Disposal sites set for bunny bodies

Island Disposal is providing drop-off bins for dead rabbits in Langley.

A disease outbreak has killed so many rabbits on South Whidbey that proper disposal of their carcasses has been a bit of a conundrum.

After some initial confusion about what to do with the bunnies killed by rabbit hemorrhagic disease, Island Disposal and the city of Langley decided that the waste management service would provide 96-gallon containers on Monday to dispose of the carcasses and would send a delivery driver to collect and transfer the containers to the Island County Transfer Station.

The drop-off areas are located at the main gate to the city’s Waste Water Treatment Plant on Coles Road and at the corner of Dalton Lane and Camano Avenue, behind the softball field fence.

Initially, Island Disposal staff members — the company in charge of collecting trash in Island County — said they could not take the bunny bodies, not even if they are double-bagged as the state requires.

Island Disposal told Langley Mayor Scott Chaplin that carcasses are considered hazardous waste by the state, for which their collection containers are not certified.

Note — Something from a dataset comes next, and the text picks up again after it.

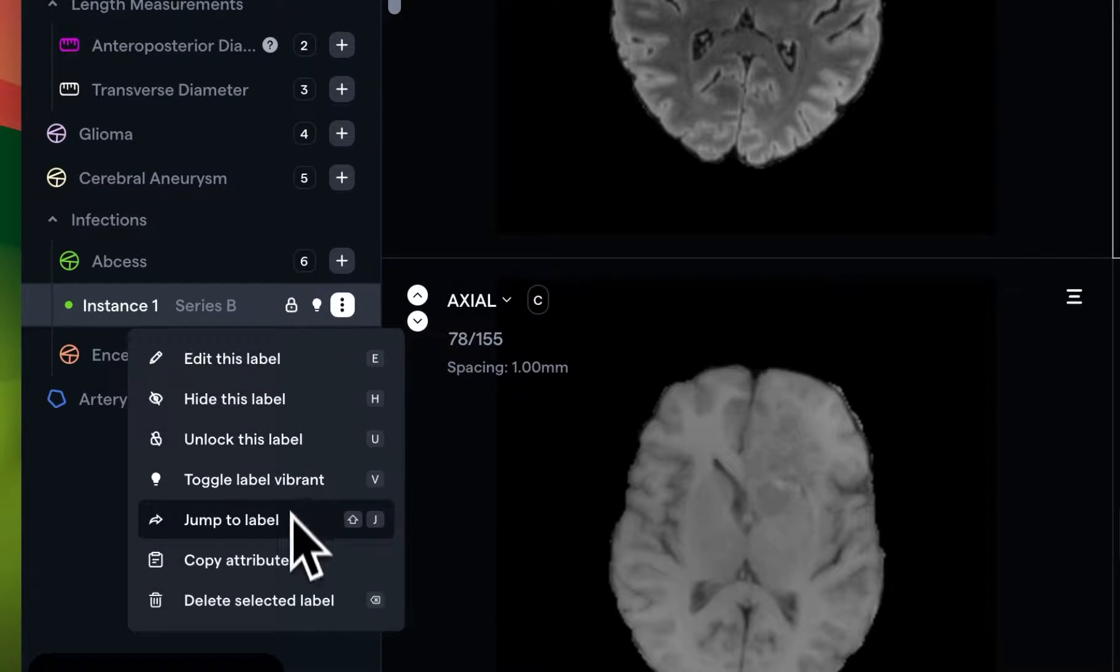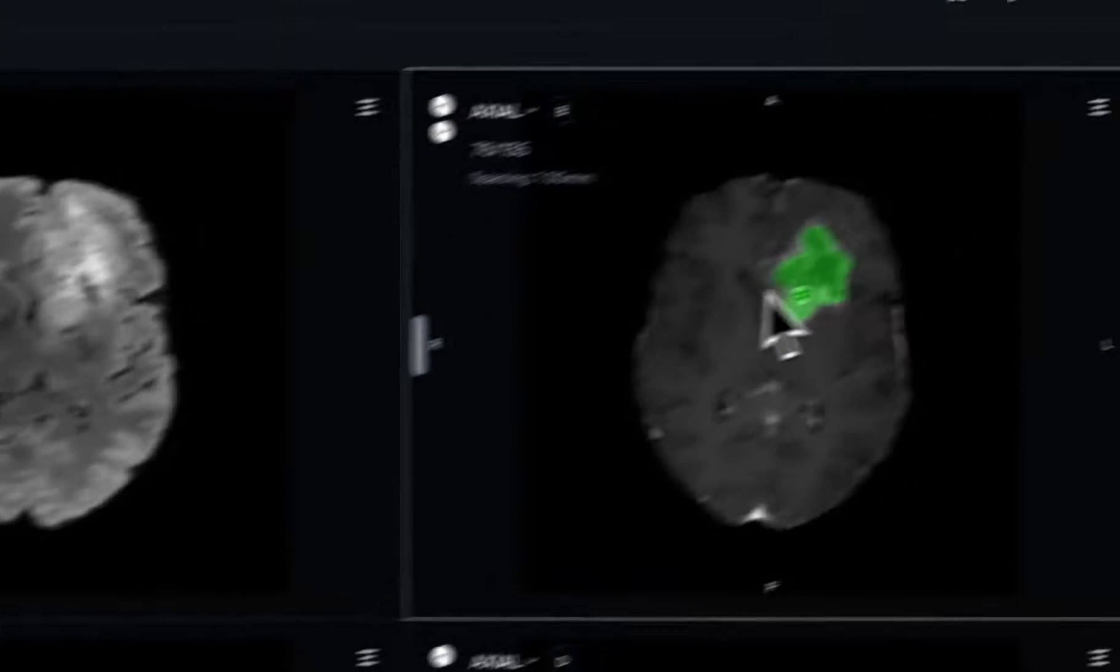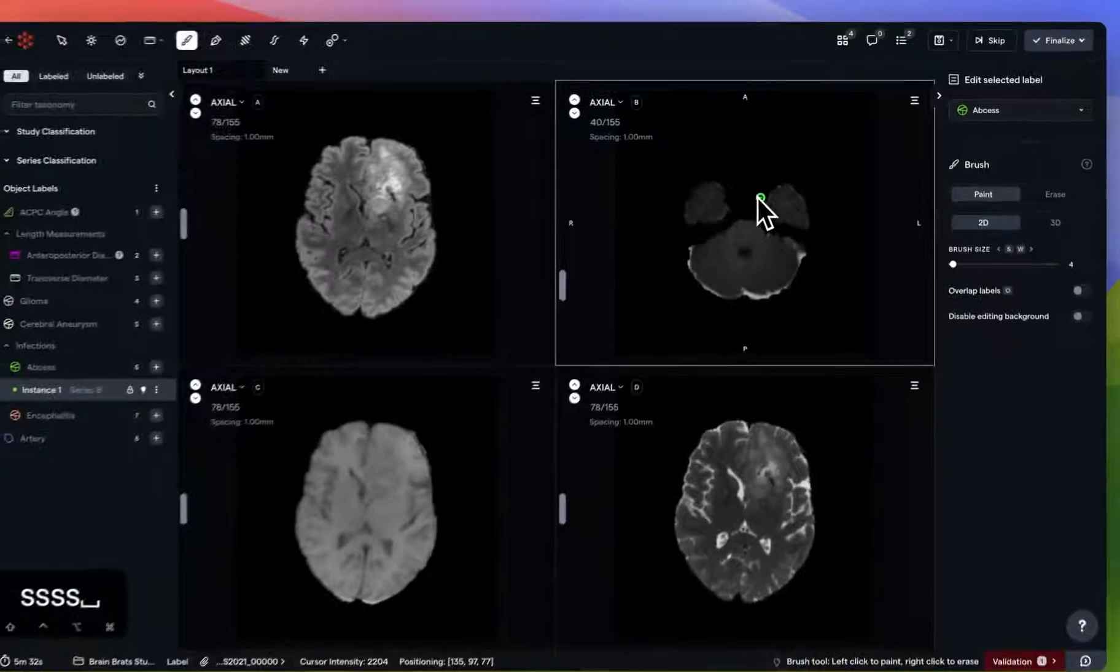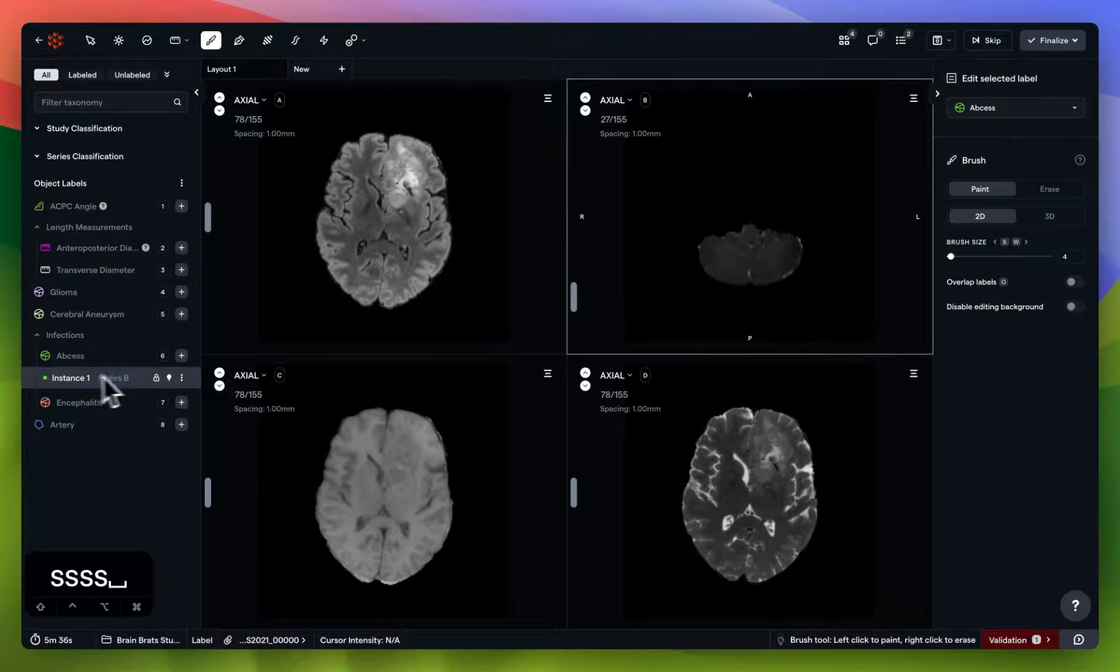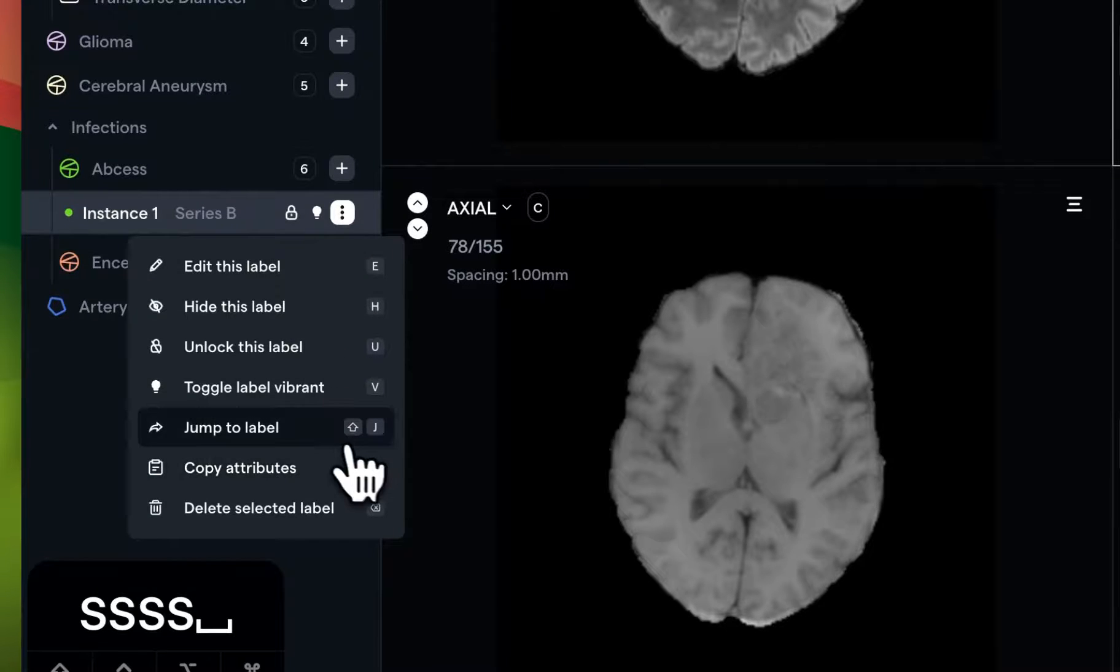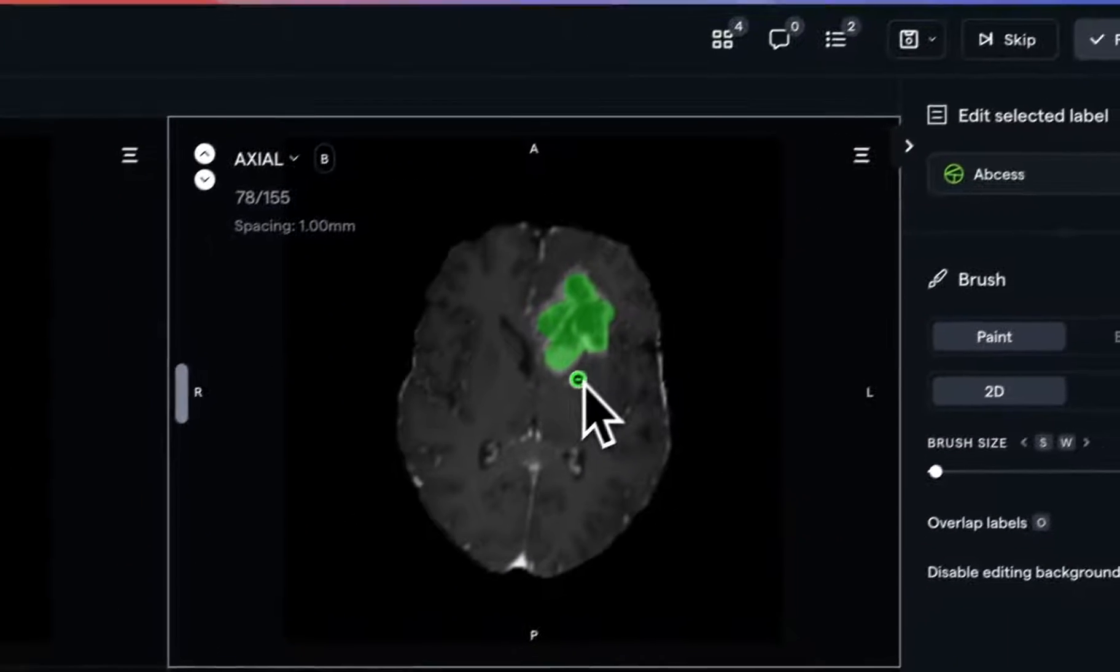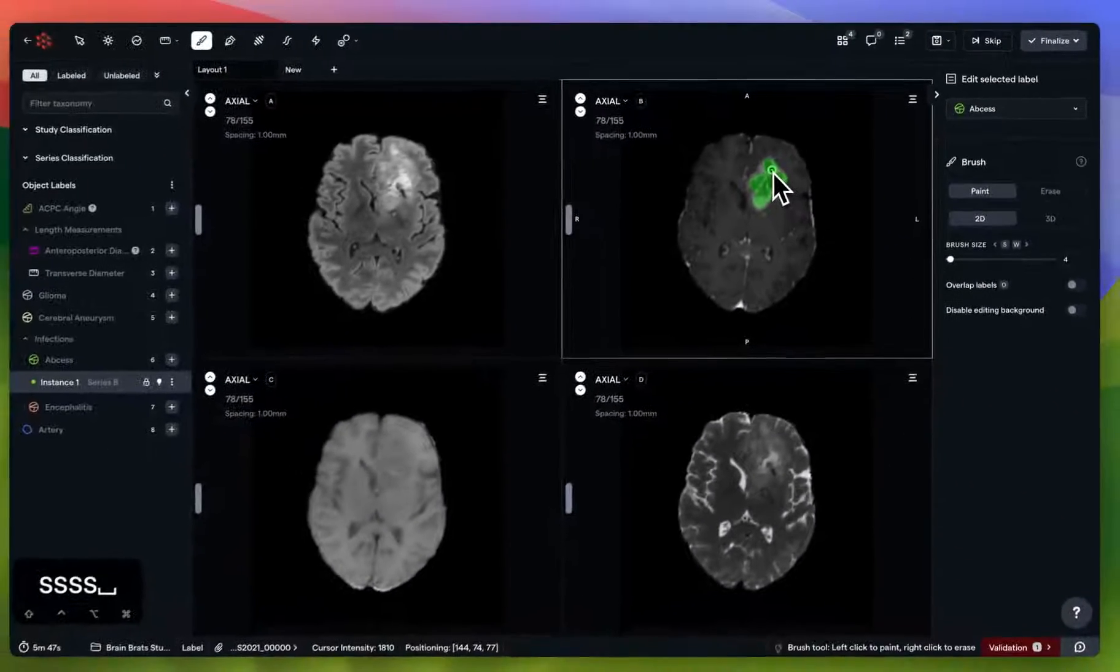And one other very important one is jump to label. So for example, if I was working on another part of this image, and I lost track of this instance, all I have to do is open this hamburger menu here, or just hit Shift J, and that will teleport me immediately to the nearest slice containing this instance.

Therefore, if a residential bin was found to contain a carcass, garbage collectors would have to leave it unemptied at the curb.

“If we were to cycle this material through our truck compactors it would result in the carcasses becoming freed from the bags, dismembered and contamination of the entire load of material,” Site Manager Andrew Riggs wrote in an email to Chaplin, saying it is why they have waste acceptance criteria. “It can result in potentially hazardous materials on the Transfer Station tip floor.”

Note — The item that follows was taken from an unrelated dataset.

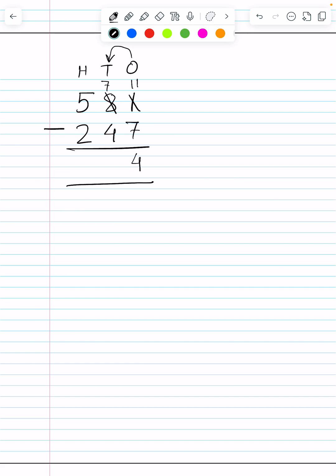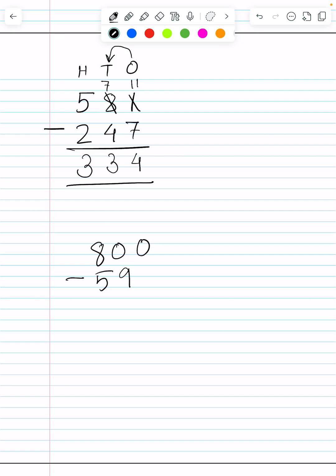Now 7 minus 4 is equal to 3, and 5 minus 2 is equal to 3. Okay children, now we will do the second question: 800 minus 593 — hundreds, tens and ones.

In a memo, Chaplin wrote that in the days following the outbreak, the city received a “flood” of inquiries about what to do in this situation. In the span of three days, he wrote, 20 carcasses were found in the Highlands neighborhood alone, which is 1.4 acres. The Whidbey Island Fairgrounds, which was the epicenter of the outbreak, reported that at least 30 bodies were collected.

In a memo released on July 3, Chaplin advises residents who wish to dispose of a carcass to double bag it, disinfect the bag and refrigerate it. If possible, people should contact the state veterinarian to determine whether the bunny should be submitted for testing or disposed of.

Prior to the drop-off site solution, those who were instructed to dispose of the bunnies would have had to drive to the nearest transfer station in Coupeville, where there are no restrictions on the disposal of small dead animals.